石田三成の実像 3883 白峰旬氏「慶長5年の上杉討伐における徳川家康の軍事オプションについて」22 上杉討伐に向けての動向19 

 白峰旬氏「慶長5年の上杉討伐における徳川家康の軍事オプションについて いわゆる『小山評定』の存在を考えるプロセスとして」の中で、上杉討伐に向けての動向として、「(慶長5年)6月10日付春日元忠宛来次氏秀書状」が取り上げられていますが、「6万ばかりという軍勢数」や「会津攻めが50日(=2ヶ月弱)以内に終了する、という予想」から、白峰氏は次のように指摘されています。
「当時、上杉討伐(会津攻め)の規模は、天正18年の豊臣秀吉による小田原攻め(陣立書によれば、合計動員兵力数は16万735騎、或いは、12万9760人)よりは規模が少ないと想定されていたことになる」と。
「6万ばかりという軍勢数」は、書状の中の、来次が「家康の会津攻めの軍勢数を6万ばかりと予測している」という記述内容を指します。
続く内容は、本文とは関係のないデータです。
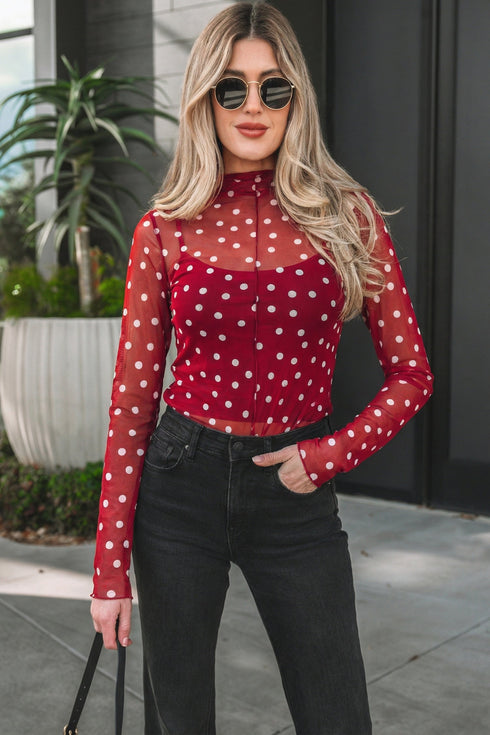 Polka Dot Sheer Mesh Mock Neck Bodycon Long Sleeve Top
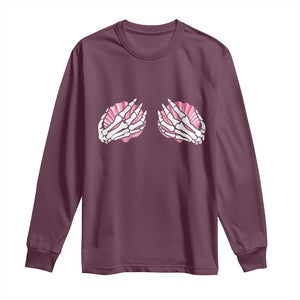 Funny Skeleton Hands Seashell Bikini Halloween Beach Long Sleeve Shirt TS11 Maroon Print Your Wear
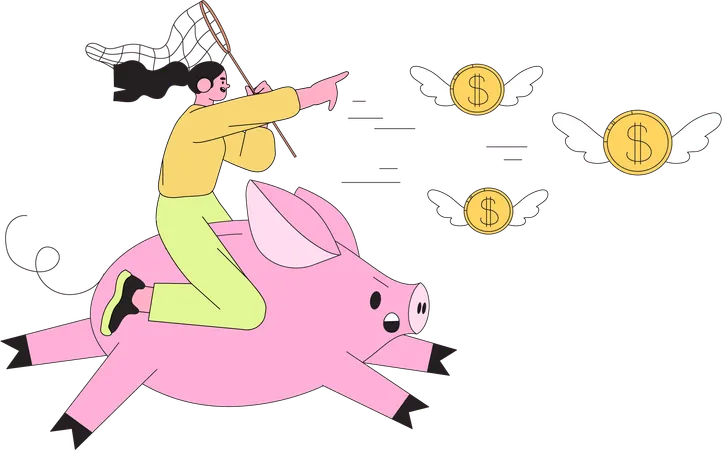 Girl riding big piggy bank catch  Illustration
 小田原攻めの動員兵力数については、白峰氏の同書の[註]によれば、「16万735騎」は、「伊達家文書」の「小田原陣立書」2⒐06号文書、「12万9760人」は、「伊達家文書」の「小田原陣立書」2907号、2908号文書の、各兵力数を合計したものです。
 来次書状の中に記されている「6万ばかり」という数字がどれだけ妥当性があるのかについては、今後の検討課題ですが、上杉攻めの兵力動員数が、通説で思われていたよりもかなり小規模なものであったという白峰氏の指摘は、上杉攻めの概念を変えるものです。
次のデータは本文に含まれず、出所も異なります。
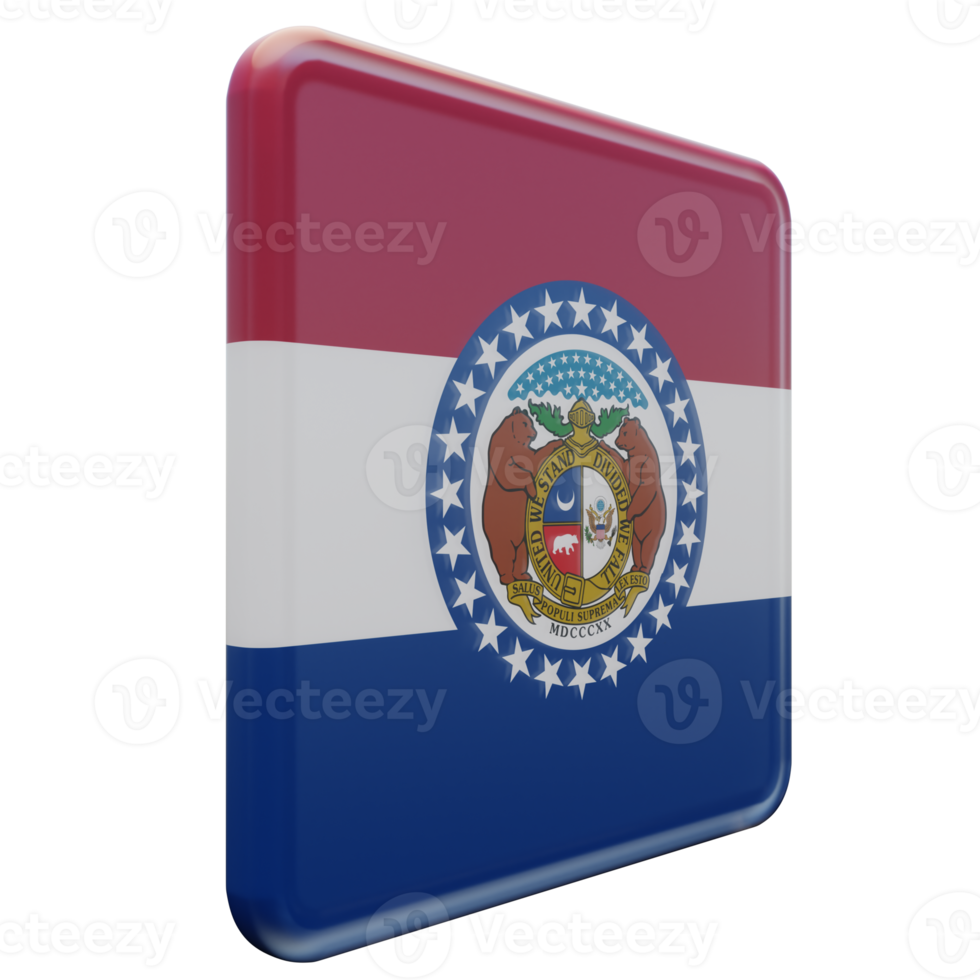 Missouri Left View 3d textured glossy square flag png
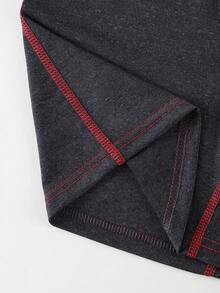 1pc Men's Mid-Length Boxer Briefs, Simple Contrast Color Line, BONITOS Letter Waistband, Mid-Waist Classic Shorts - Black - View 5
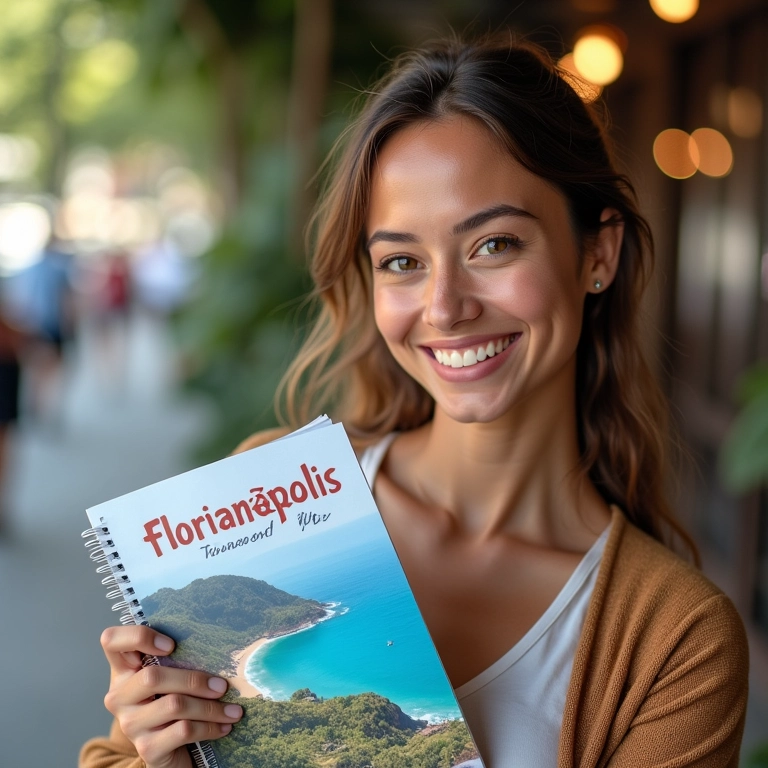 Especialista em viagens sorrindo e segurando um guia de Florianópolis.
 三成が上杉攻めに反対して城に立て籠もったという、来次書状の記述内容についても、今までの通説の理解でいいのか、根本的な問題を含んでいる気がします。
 通説では、大谷吉継が三成の嫡男の重家を上杉攻めに参陣させるべく、重家を迎えに来た時に、三成が吉継に反家康の挙兵を打ち明けるというふうに捉えられていますが、上杉攻めに反対していた三成のもとに参陣要請が来たというのはありうることでしょうか。三成は反対していたけれども、重家を参陣させることで家康はよしとしたのか、あるいは三成は重家を参陣させるというポーズを見せることで、家康を安心させたのか、あるいは一連のエピソードは全くのフィクションなのか、いろいろ考えられます。